Dire, ne pas dire

Cousu de fil blanc

Le 7 mars 2024

Expressions, Bonheurs & surprises

NOTRE DÉFINITION

Cousu de fil blanc (fam.), se dit d’un artifice si grossier qu’il ne trompe personne.
Des ruses, des malices cousues de fil blanc, trop évidentes.

L’HISTOIRE

À l’origine, l’expression s’applique à un vêtement : avant de le coudre, dans sa version définitive, avec du fil de la même couleur que l’étoffe et en faisant de petits points bien réguliers, les couturières le cousaient rapidement, avec des gros points et du fil blanc qui se voit. Elles pouvaient ainsi facilement, en cas de retouches, le découdre. Le fil blanc, bien visible, était donc provisoire, peu soigné et destiné à disparaître.
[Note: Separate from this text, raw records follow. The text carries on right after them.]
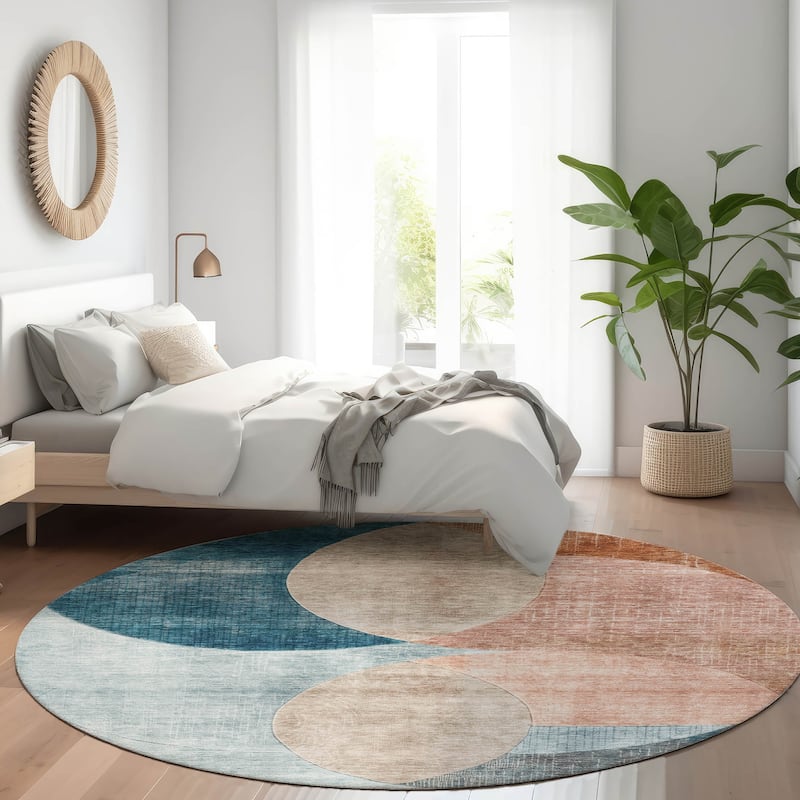 Machine Washable Indoor/ Outdoor Contemporary Deco Chantille Rug - Rust - 8' x 8'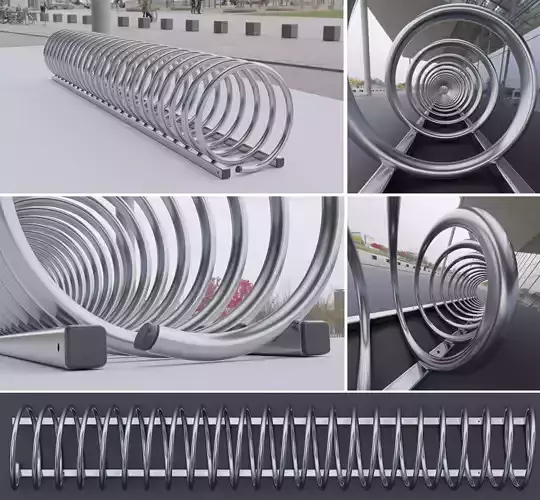 Spiral Bike Stand -2- High-Poly Version 3D model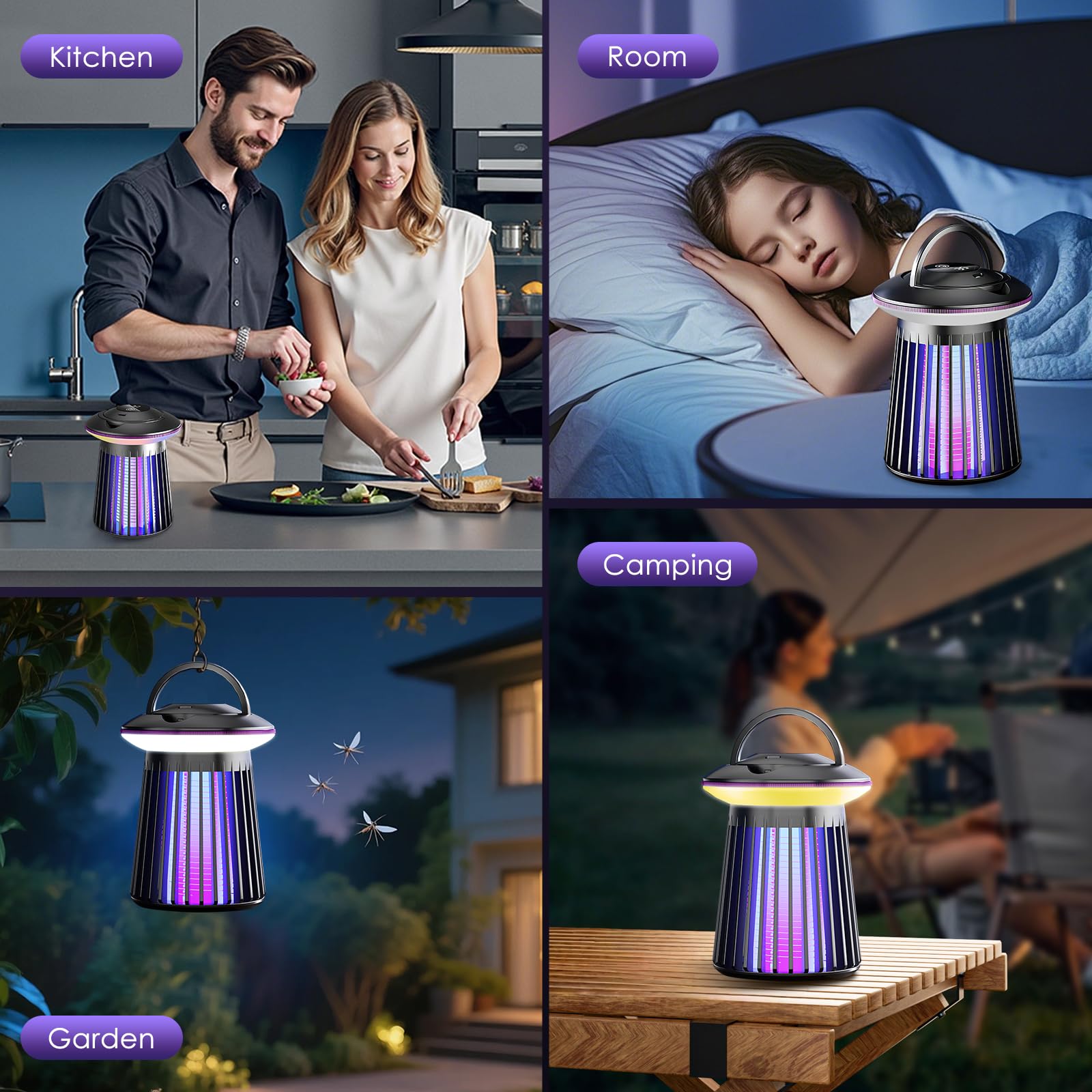 Bug Zapper Outdoor Indoor, 4-in-1 2000V Electric Mosquito Zapper with 2000mAh Battery, USB Charging, Low Noise, Portable Cordless Insect Zapper for Home Patio Kitchen Backyard Garden Porch — view 8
On retrouve cette idée de travail bâclé quand l’expression « cousu de fil blanc » se met, au xvie siècle, à sortir du domaine de la couture pour s’appliquer, de façon imagée, à une histoire inventée, à la trame d’un roman, à un scénario, à une ruse ou un procédé un peu grossiers. On emploie aujourd’hui aussi l’expression proche user de grosse ficelle.

D’AUTRES EXPRESSIONS

La couture nous a laissé d’autres expressions.

Battre à plates coutures, « défaire, vaincre complètement », a fait son entrée dans la langue au xve siècle et doit probablement tenir son origine du geste des tailleurs qui, pour aplatir les ourlets, surtout quand il s’agissait de velours, de tentures épaisses, devaient les battre vigoureusement avec une latte.

En revanche, ce n’est pas directement la couture mais la chasse qui nous a donné l’expression En découdre, au sens de « se battre, en venir aux mains ». Le verbe découdre, dès le xviie siècle, avait pris le sens d’« éventrer », en parlant d’un animal (le cerf découd le chien).

POUR ALLER PLUS LOIN

Coudre est issu du verbe latin consuere, et s’est d’abord rencontré sous les formes *cosere et coldre. Consuere est dérivé de suere, qui a donné suture, suturer. La couture et la suture ont donc le même étymon. Et le partage des emplois est presque parfait : les dérivés de suture sont réservés à la chirurgie, ceux de couture au vêtement : les gestes peuvent être les mêmes, la langue distingue le vivant de l’objet. Il y a néanmoins quelques exceptions : couturé, « balafré, plein de cicatrices », se rapporte au corps et recoudre s’emploie en chirurgie.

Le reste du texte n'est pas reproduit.